== Problem to work on ==
Exact copies of the records below are needed, free of pictures.

________

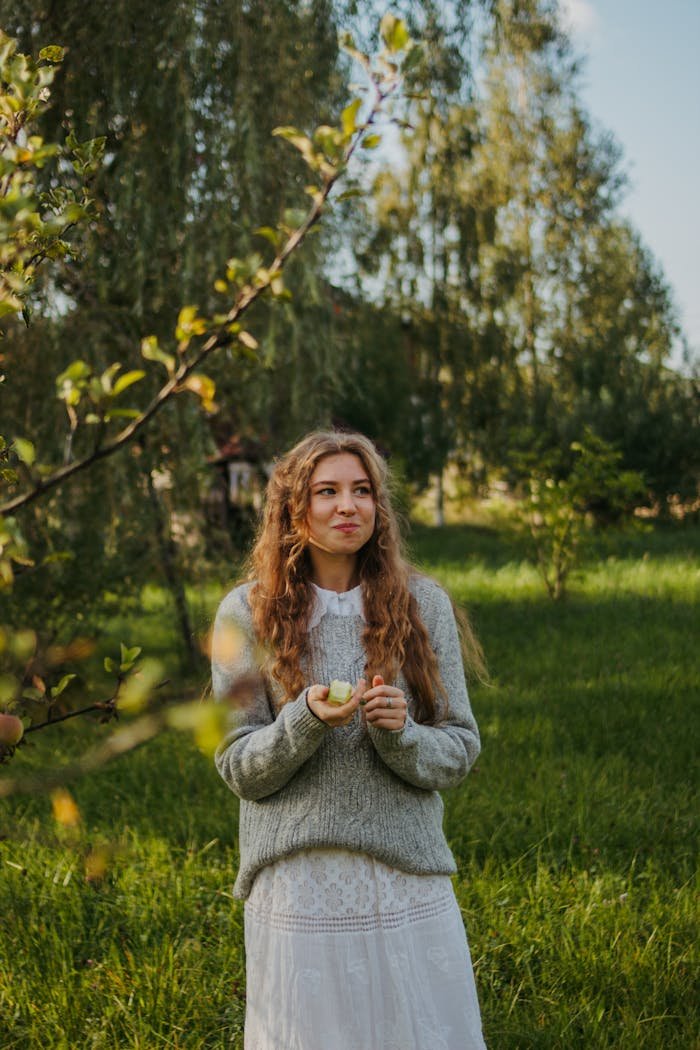 A woman in a lush orchard, holding a green apple, amidst sunny greenery.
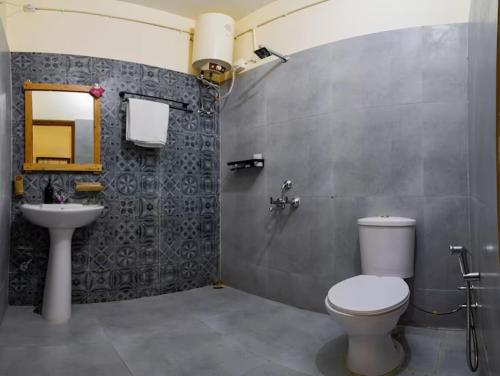 a bathroom with a toilet and a sink at Himkosi Farm by the River in Almora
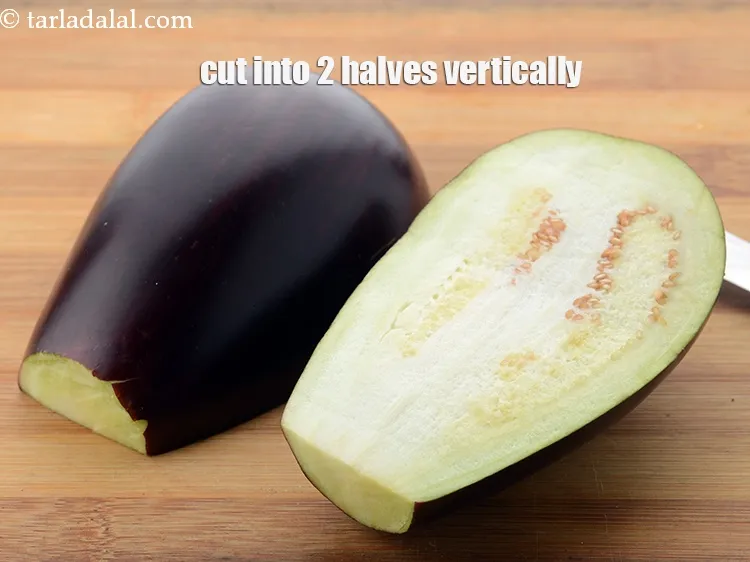 Step 7 – Place the brinjal on a chopping board and cut into 2 halves vertically.&nbsp;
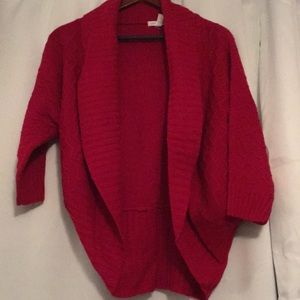 Red cardigan, size large.
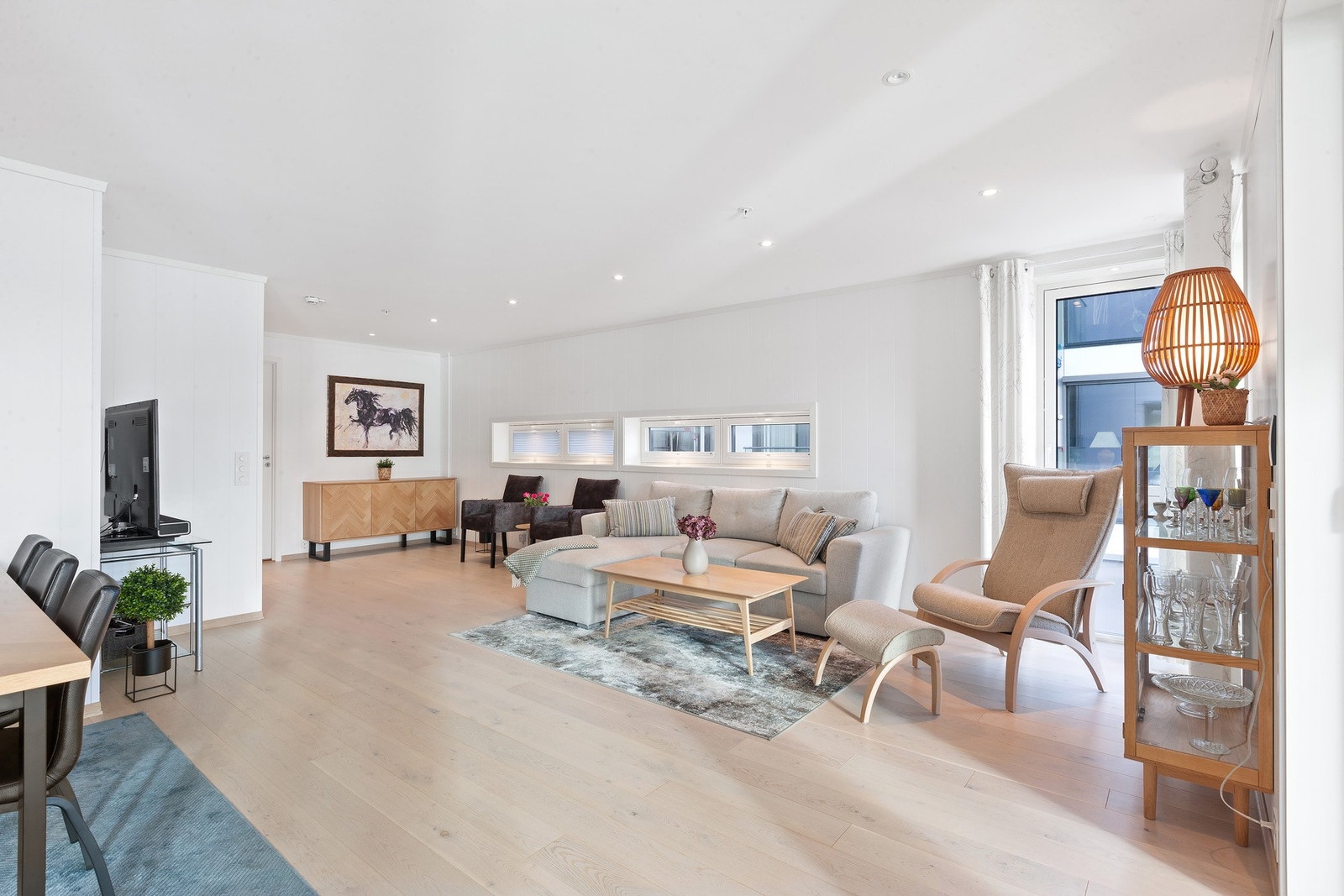 Stue med spotter i tak og i vinduer. Plisse-gardiner i de små liggende vinduene. Galleribilde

________

== Result for this task ==
 A woman in a lush orchard, holding a green apple, amidst sunny greenery.
 a bathroom with a toilet and a sink at Himkosi Farm by the River in Almora
 Step 7 – Place the brinjal on a chopping board and cut into 2 halves vertically.&nbsp;
 Red cardigan, size large.
 Stue med spotter i tak og i vinduer. Plisse-gardiner i de små liggende vinduene. Galleribilde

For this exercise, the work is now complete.